Queensland workers, skills and knowledge will be needed for this.

The AMC was founded by NIOA – a privately-owned Queensland company whose beginnings can be traced back to a fruit stall trading on the side of the Bruce Highway at Tiaro.

From that modest beginning, NIOA has grown into the nation’s largest privately-owned company supplying firearms, weapons, ammunition and technical support to military, law enforcement and commercial markets.

Australia has traditionally sourced advanced guided weapons from overseas. One key lesson emerging from the unfolding and tragic conflict in Ukraine is the urgency to become more self-sufficient when it comes to warfighting capabilities.

When the war began heroic Ukrainian President Volodymyr Zelensky told the world “The fight is here. I need ammunition, not a ride” in response to US offers to evacuate him from the nation’s capital.

The US and NATO members responded sending some 17,000 anti-tank weapons, but Ukraine forces have been using up the US-made Javelin missiles quicker than America can supply them.

For Australia, the sovereign missiles enterprise is a critical national security step against the backdrop of what Prime Minister Scott Morrison describes as an “arc of autocracy’’, namely Russia’s unprovoked invasion of Ukraine and an increasingly assertive China in the Indo-Pacific region.

As an island nation, Australia needs to keep potential adversaries at arm’s length.
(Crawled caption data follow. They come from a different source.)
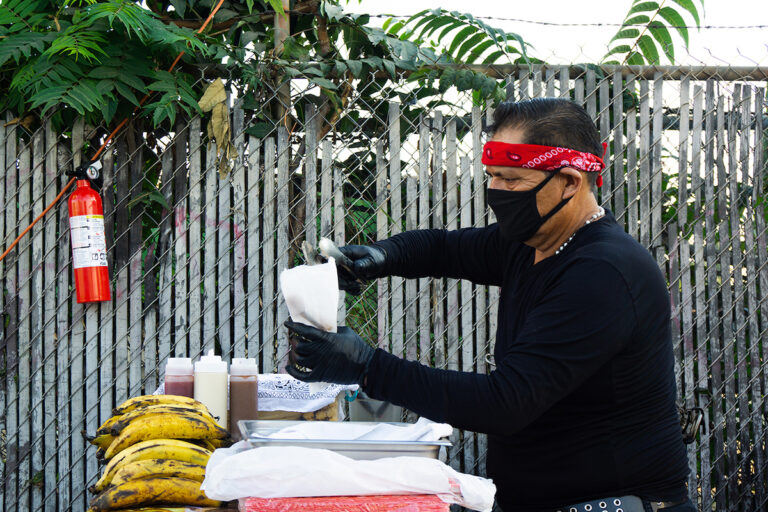 Erika Montiel's father, Felipe, runs the churro station while Erika and her sister Karla make crepes and funnel cakes. (Janette Villafana)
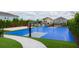 Outdoor basketball court with vibrant blue surface and neatly manicured artificial grass surroundings at 321 Lasso Dr, Kissimmee, FL 34747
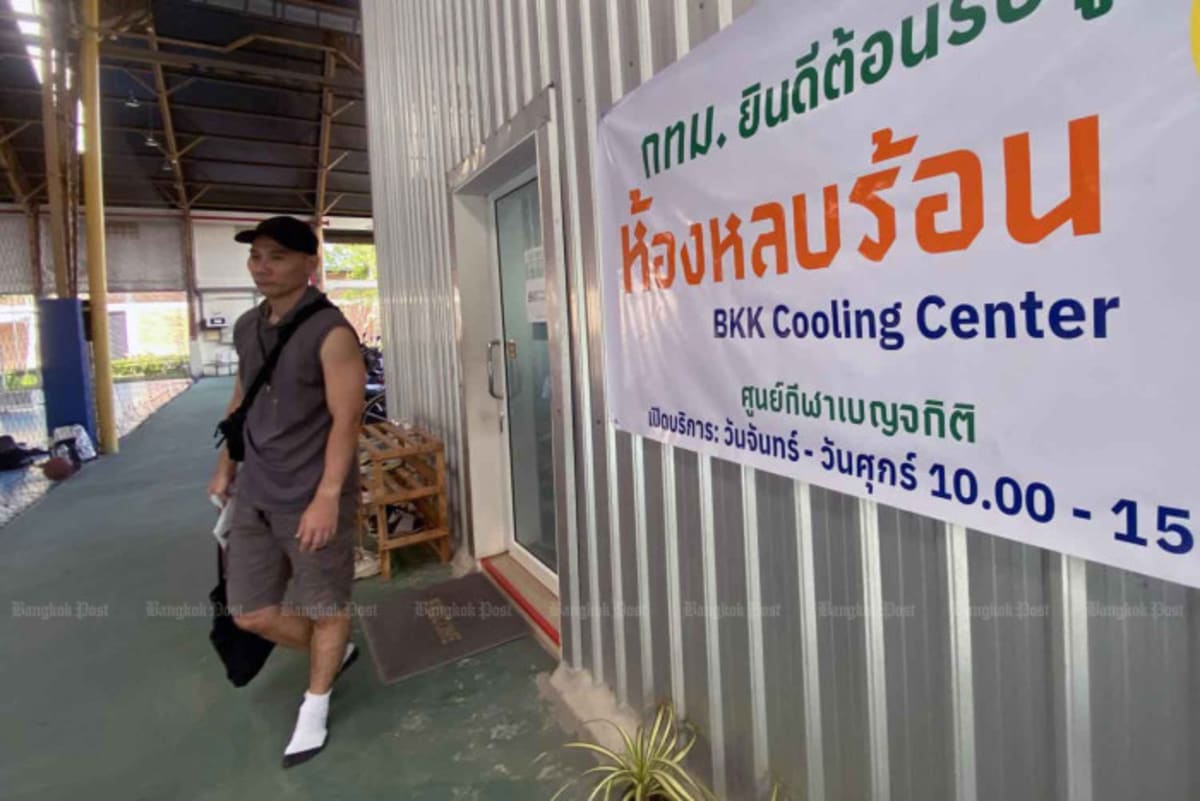 Person exiting air-conditioned cooling center building in Bangkok during extreme heat conditions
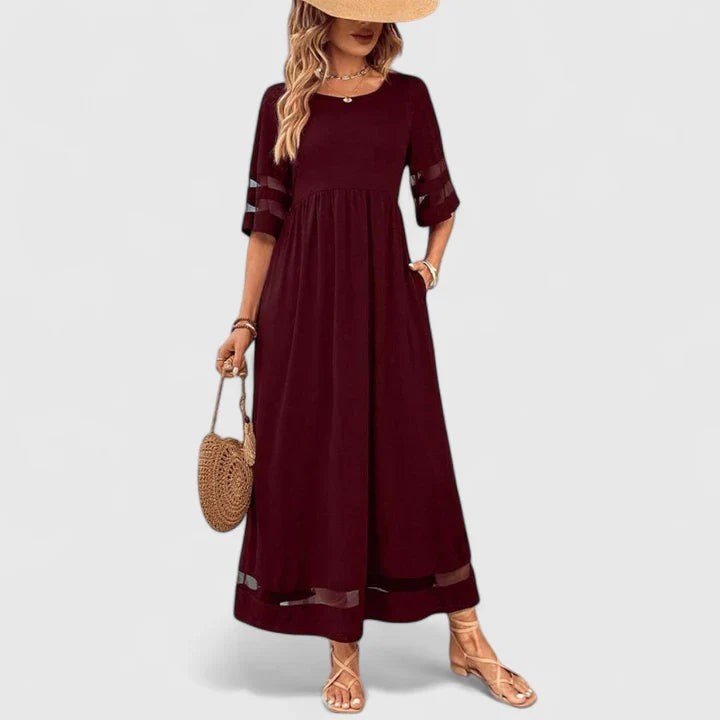 Burgundy maxi dress with mesh sleeve panels and flowy A-line skirt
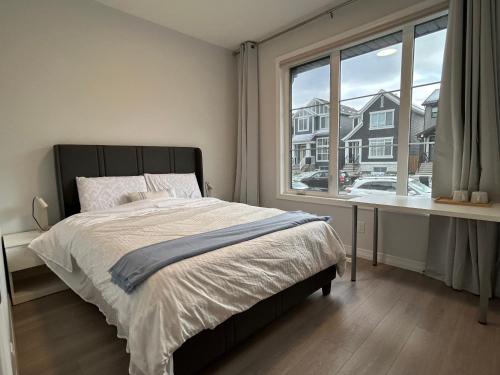 a bedroom with a bed and a large window at Sunny Queen-size Bedroom with Private Bath in Brand New House in Calgary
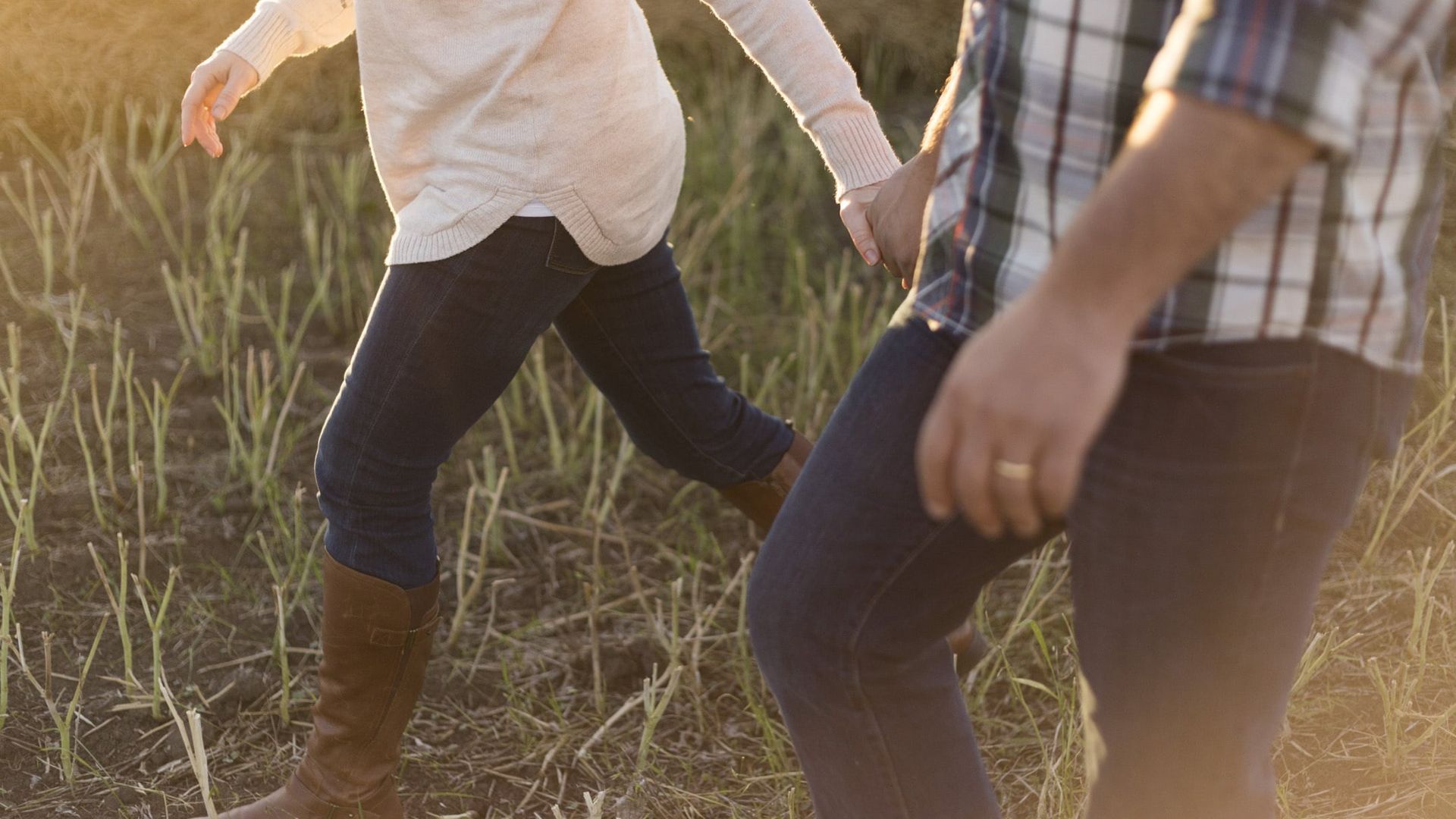 Una pareja camina por el campo cogida de la mano Una pareja camina por el campo cogida de la mano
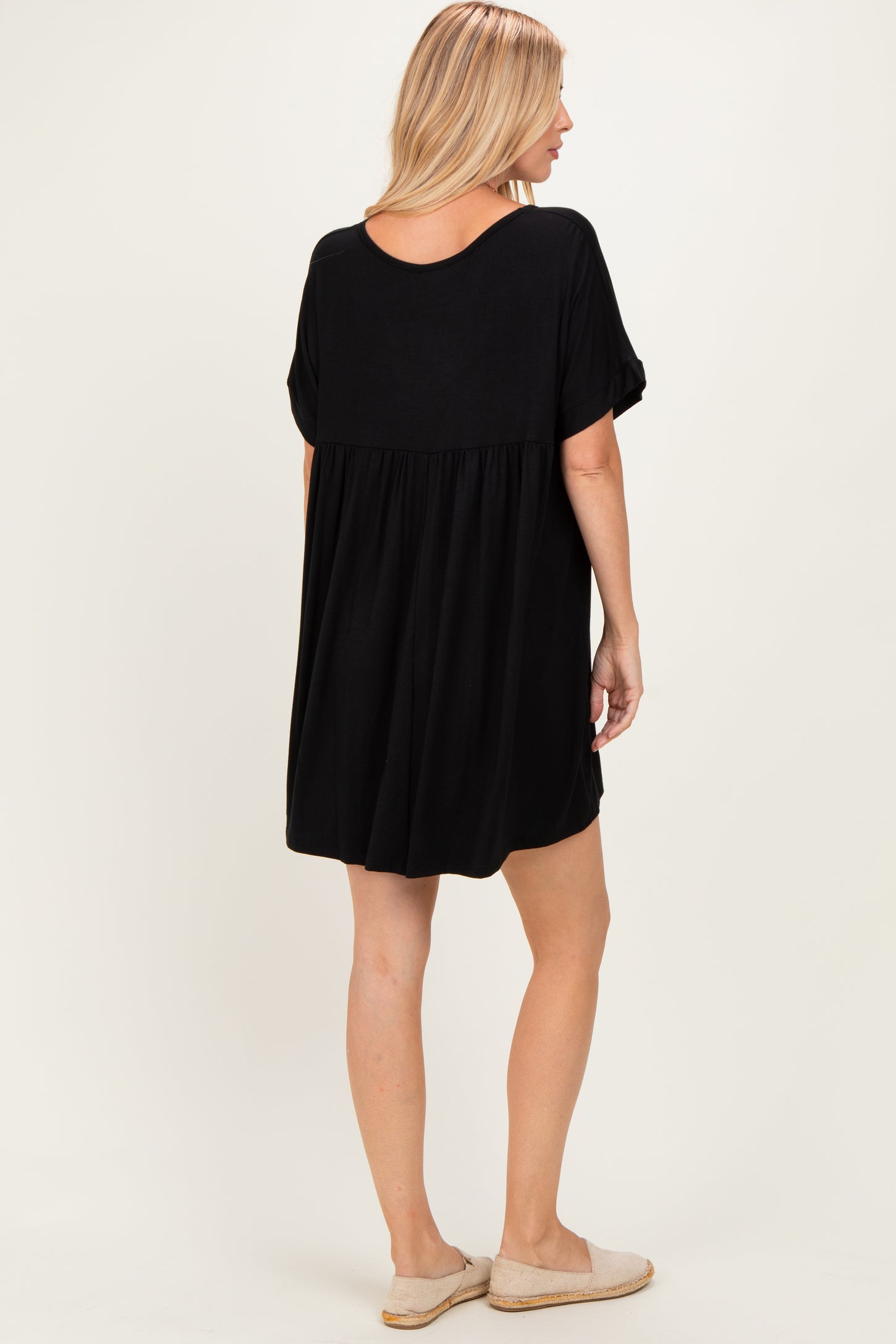 woman wearing a black short sleeve loose fit dress with a gathered back detail and casual slip-on shoes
Precision long-range munitions are one of the most important ways in which advanced allied nations achieve advantage.

They allow the men and women of the ADF to achieve success from longer range and with greater precision, meaning our people are safer and there is less risk to non-combatants.

As a sovereign enterprise panel partner, the AMC will be engaged to assist the Department of Defence to mobilise Australia’s industrial base in support of the project, including skilling, infrastructure development, research and development, and test and evaluation.

The AMC was set up in May 2021 as a collaboration platform following the Prime Minister’s announcement a year ago to invest $1 billion to accelerate a domestic smart munitions industry.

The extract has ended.